- [Task statement]: With the line containing "Textured portrait of" as the start and the line containing "VT 863 T Fandy" as the end, transcribe that span of the entries below exactly, including both.

- [Extracted information]:
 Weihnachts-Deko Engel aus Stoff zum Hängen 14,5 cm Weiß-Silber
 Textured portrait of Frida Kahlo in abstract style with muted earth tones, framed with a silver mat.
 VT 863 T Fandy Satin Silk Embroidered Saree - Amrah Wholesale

...

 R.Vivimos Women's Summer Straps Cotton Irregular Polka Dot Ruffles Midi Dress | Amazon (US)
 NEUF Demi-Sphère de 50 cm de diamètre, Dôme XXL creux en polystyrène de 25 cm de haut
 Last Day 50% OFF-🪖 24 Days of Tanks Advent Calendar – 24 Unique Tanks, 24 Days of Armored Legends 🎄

- [Response]:
 Textured portrait of Frida Kahlo in abstract style with muted earth tones, framed with a silver mat.
 VT 863 T Fandy Satin Silk Embroidered Saree - Amrah Wholesale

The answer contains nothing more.